(Web page caption snippets)
Start of Block

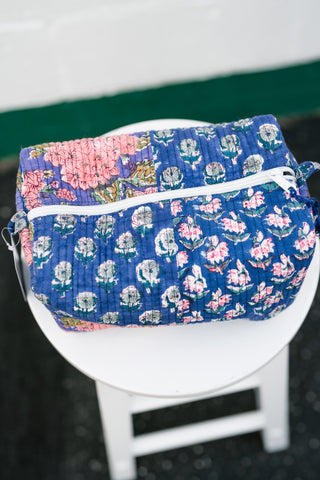 Garden Path Patchwork - Pouch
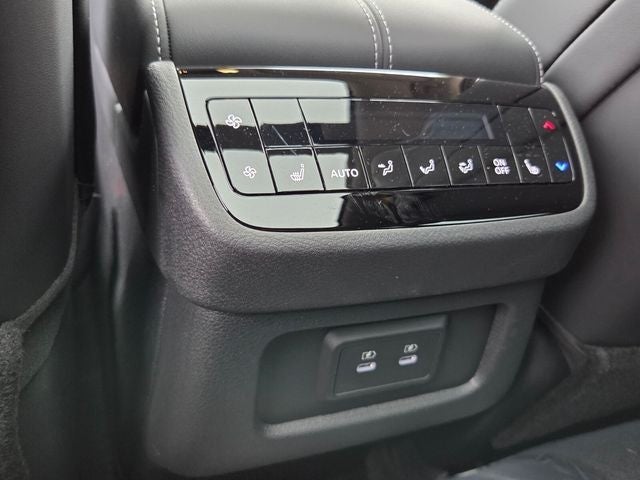 2026 INFINITI QX60 Luxe FWD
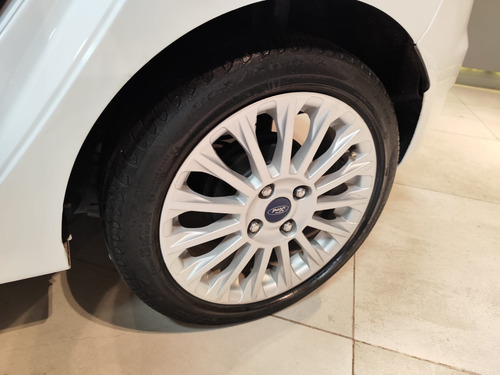 Ford Fiesta Kinetic 1.6 Se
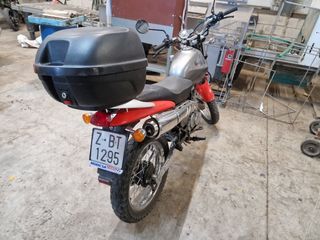 Honda 125cc - Moto en buen estado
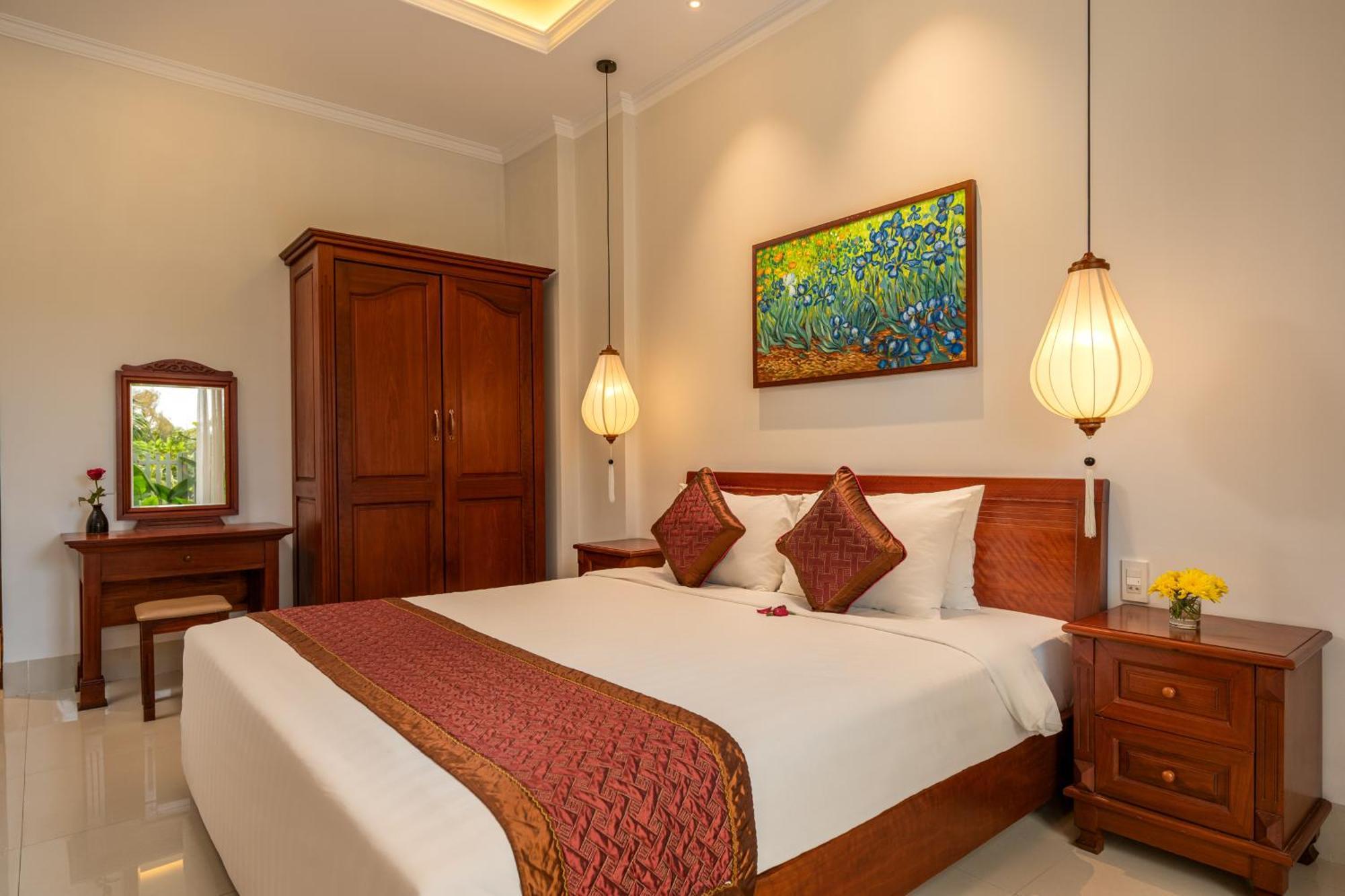 Iris De Villa Hoi An Dış mekan fotoğraf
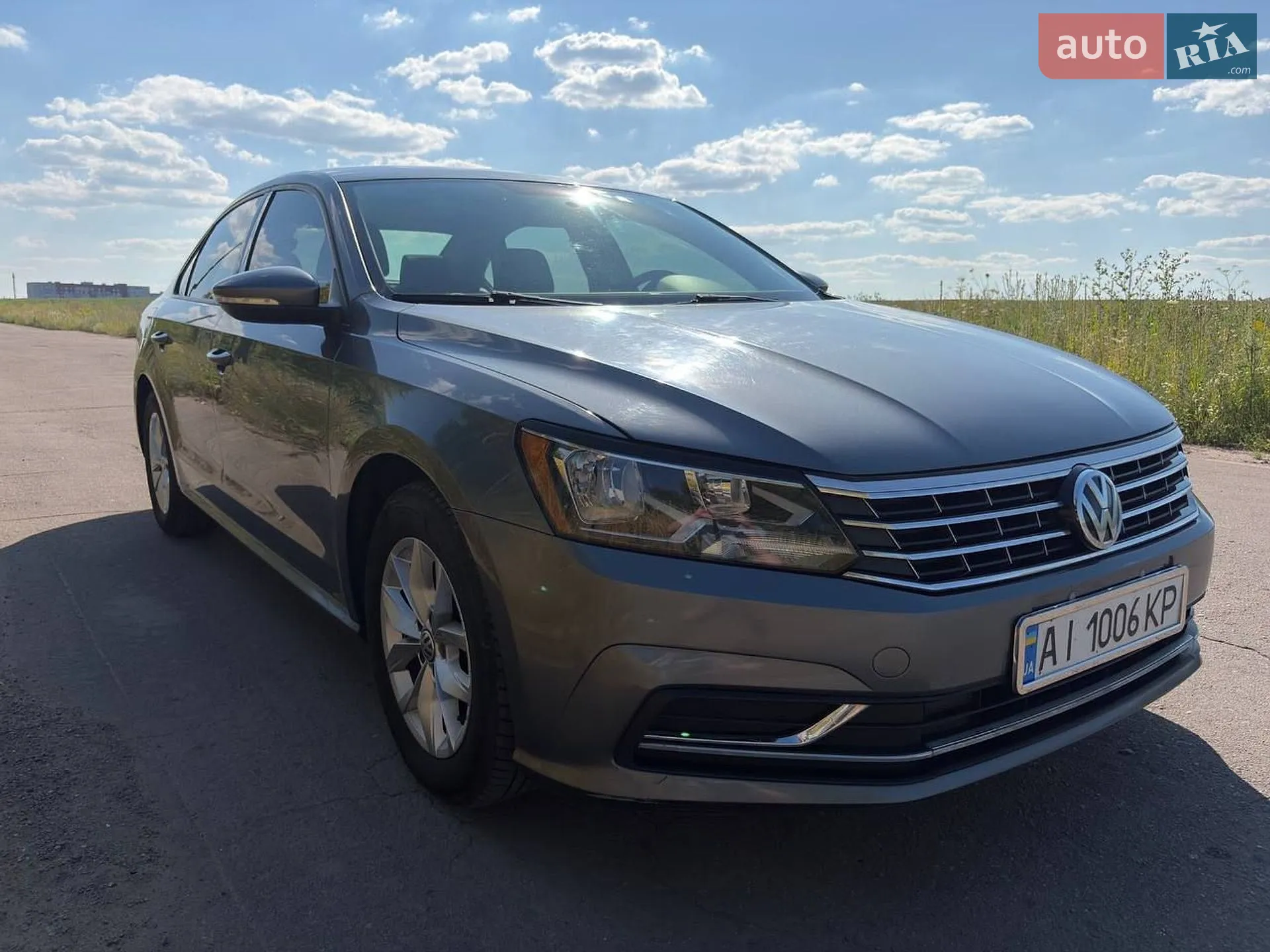2018 Volkswagen Passat - мініатюра 8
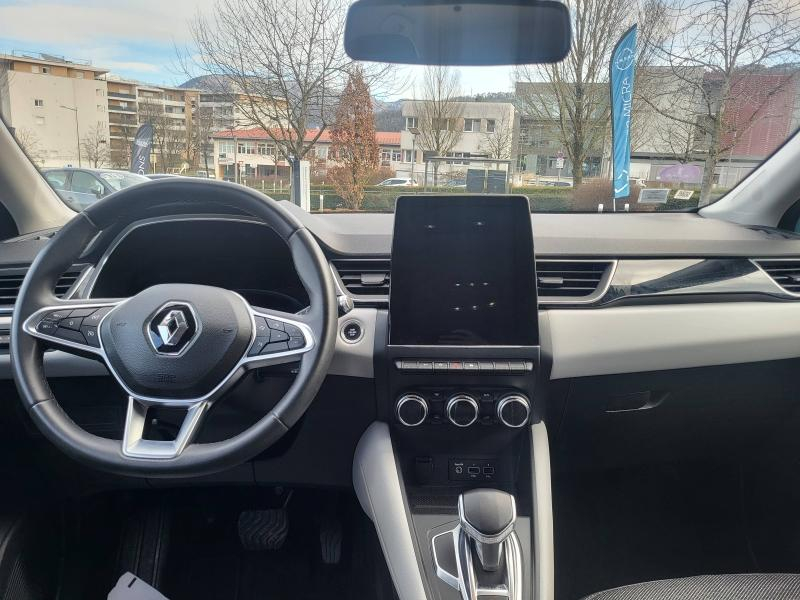 Photo 3 de l’annonce de RENAULT Captur d’occasion à vendre à THONON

End of Block

[Task requirements]
Print the records above word for word, omitting any picture they contain.

[Output of the task]
 Garden Path Patchwork - Pouch
 2026 INFINITI QX60 Luxe FWD
 Ford Fiesta Kinetic 1.6 Se
 Honda 125cc - Moto en buen estado
 Iris De Villa Hoi An Dış mekan fotoğraf
2018 Volkswagen Passat - мініатюра 8
 Photo 3 de l’annonce de RENAULT Captur d’occasion à vendre à THONON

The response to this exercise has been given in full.